What is being asked. Repeat exactly, and only, the lines below starting at the line that contains "অনশন ভাঙলেন শিক্ষার্থীরা" and ending at the line that contains "الفندق بيراميزا بيتش ريزورت - سهل حشيش", inclusive of both.

Short web captions:
'''
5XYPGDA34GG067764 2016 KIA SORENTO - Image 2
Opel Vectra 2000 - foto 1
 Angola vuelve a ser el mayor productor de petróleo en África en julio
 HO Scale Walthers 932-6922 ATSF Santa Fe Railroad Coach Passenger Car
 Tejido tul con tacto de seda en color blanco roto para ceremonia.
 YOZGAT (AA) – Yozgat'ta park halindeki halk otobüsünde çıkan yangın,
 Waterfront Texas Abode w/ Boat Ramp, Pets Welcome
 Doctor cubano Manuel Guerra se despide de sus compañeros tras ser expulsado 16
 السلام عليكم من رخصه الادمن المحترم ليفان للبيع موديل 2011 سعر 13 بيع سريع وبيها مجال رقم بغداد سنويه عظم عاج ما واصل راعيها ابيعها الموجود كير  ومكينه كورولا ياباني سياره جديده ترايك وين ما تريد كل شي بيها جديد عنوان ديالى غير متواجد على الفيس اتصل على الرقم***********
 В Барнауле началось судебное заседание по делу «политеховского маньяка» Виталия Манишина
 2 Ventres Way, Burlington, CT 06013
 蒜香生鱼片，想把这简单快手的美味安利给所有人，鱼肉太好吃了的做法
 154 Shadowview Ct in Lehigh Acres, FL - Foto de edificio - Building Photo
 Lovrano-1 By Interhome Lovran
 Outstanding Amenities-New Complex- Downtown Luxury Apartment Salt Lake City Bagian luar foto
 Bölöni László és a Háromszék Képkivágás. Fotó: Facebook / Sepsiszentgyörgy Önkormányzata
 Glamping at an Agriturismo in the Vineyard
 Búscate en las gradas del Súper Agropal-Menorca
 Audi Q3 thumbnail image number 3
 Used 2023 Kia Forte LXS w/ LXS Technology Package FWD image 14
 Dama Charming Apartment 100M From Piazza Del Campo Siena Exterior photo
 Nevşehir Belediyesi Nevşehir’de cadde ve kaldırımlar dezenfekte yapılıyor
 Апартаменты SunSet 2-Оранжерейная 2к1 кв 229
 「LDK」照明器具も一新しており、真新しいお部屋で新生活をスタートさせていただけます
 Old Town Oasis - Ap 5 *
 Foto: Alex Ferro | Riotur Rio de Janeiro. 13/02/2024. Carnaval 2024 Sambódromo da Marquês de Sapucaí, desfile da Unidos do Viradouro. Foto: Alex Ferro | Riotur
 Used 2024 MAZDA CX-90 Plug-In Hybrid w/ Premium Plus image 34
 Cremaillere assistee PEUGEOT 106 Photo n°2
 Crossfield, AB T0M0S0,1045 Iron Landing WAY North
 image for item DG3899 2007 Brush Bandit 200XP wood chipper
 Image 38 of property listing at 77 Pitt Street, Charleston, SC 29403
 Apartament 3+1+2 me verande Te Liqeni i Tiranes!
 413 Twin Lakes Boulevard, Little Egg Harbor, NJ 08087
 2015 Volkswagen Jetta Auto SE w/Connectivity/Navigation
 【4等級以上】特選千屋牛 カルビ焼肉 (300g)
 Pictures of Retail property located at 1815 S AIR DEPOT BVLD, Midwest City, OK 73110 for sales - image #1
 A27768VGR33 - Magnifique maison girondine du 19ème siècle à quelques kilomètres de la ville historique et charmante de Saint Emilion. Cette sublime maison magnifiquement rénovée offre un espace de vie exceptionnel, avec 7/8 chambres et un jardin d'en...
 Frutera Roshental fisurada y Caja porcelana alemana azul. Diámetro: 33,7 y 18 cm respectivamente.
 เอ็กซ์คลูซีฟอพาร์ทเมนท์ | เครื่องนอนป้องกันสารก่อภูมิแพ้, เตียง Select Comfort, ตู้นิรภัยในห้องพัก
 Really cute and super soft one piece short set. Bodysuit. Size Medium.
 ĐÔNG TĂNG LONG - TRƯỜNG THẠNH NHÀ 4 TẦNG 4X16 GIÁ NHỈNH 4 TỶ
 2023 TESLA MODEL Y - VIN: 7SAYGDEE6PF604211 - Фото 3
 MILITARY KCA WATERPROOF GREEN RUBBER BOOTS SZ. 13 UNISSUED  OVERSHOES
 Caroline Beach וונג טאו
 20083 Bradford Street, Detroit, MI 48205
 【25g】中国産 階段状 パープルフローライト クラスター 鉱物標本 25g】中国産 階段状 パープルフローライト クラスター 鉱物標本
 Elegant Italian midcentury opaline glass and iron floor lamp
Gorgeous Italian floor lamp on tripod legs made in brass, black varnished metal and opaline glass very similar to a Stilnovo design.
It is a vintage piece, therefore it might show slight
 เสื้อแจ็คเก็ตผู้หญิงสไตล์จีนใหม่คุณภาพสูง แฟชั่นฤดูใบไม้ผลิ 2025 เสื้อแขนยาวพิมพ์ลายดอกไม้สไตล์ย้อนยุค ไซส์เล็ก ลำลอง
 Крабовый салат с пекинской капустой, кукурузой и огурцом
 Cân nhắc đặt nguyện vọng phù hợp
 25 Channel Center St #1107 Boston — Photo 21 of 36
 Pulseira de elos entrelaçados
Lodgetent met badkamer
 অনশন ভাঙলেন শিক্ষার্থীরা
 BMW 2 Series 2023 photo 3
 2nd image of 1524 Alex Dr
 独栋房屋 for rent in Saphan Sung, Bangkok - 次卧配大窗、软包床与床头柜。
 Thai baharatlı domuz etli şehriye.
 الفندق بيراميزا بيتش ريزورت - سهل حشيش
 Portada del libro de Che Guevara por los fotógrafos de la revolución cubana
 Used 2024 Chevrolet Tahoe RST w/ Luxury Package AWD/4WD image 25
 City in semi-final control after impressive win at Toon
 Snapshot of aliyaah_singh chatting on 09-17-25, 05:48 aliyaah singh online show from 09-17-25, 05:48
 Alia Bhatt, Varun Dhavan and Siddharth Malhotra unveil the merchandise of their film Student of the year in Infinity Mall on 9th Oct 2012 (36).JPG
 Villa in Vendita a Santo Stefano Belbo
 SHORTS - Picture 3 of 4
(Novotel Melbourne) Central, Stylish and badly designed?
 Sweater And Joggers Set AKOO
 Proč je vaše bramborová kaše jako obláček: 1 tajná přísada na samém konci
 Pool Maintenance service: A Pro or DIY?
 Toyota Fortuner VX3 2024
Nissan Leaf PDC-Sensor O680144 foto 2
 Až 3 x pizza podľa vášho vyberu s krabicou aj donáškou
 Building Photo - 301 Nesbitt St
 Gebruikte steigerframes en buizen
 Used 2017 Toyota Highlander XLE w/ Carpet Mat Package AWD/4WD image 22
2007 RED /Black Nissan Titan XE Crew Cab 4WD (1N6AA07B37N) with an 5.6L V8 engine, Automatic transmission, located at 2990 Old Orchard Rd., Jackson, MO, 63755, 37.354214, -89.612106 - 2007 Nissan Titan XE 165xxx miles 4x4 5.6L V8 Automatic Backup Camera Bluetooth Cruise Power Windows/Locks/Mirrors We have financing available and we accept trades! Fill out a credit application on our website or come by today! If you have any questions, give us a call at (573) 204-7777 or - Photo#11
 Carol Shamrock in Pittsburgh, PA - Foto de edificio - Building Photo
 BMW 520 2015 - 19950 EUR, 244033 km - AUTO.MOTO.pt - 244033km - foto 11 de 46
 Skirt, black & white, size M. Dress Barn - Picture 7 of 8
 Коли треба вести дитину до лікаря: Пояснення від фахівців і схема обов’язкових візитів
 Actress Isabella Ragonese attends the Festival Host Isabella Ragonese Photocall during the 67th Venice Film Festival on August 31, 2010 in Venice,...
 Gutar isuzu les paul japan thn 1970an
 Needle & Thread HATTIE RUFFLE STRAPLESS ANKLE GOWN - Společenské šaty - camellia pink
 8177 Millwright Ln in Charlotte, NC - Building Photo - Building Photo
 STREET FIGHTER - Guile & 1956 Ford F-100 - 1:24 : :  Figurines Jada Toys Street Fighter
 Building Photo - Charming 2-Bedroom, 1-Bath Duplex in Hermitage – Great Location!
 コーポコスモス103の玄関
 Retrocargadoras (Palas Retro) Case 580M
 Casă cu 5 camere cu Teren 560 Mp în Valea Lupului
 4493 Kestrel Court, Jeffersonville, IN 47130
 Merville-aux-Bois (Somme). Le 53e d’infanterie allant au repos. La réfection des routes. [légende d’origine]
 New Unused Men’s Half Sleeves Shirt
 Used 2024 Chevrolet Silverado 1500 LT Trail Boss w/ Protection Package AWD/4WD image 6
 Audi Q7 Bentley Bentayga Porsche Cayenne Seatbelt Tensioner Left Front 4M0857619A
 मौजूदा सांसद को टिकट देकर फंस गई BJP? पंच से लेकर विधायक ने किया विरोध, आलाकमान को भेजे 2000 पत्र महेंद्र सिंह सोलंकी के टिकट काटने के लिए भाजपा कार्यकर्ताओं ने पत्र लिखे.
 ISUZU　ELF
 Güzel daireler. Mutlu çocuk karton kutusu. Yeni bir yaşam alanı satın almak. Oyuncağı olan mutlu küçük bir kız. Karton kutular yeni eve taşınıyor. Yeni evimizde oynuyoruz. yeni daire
'''
Response box.
 অনশন ভাঙলেন শিক্ষার্থীরা
 BMW 2 Series 2023 photo 3
 2nd image of 1524 Alex Dr
 独栋房屋 for rent in Saphan Sung, Bangkok - 次卧配大窗、软包床与床头柜。
 Thai baharatlı domuz etli şehriye.
 الفندق بيراميزا بيتش ريزورت - سهل حشيش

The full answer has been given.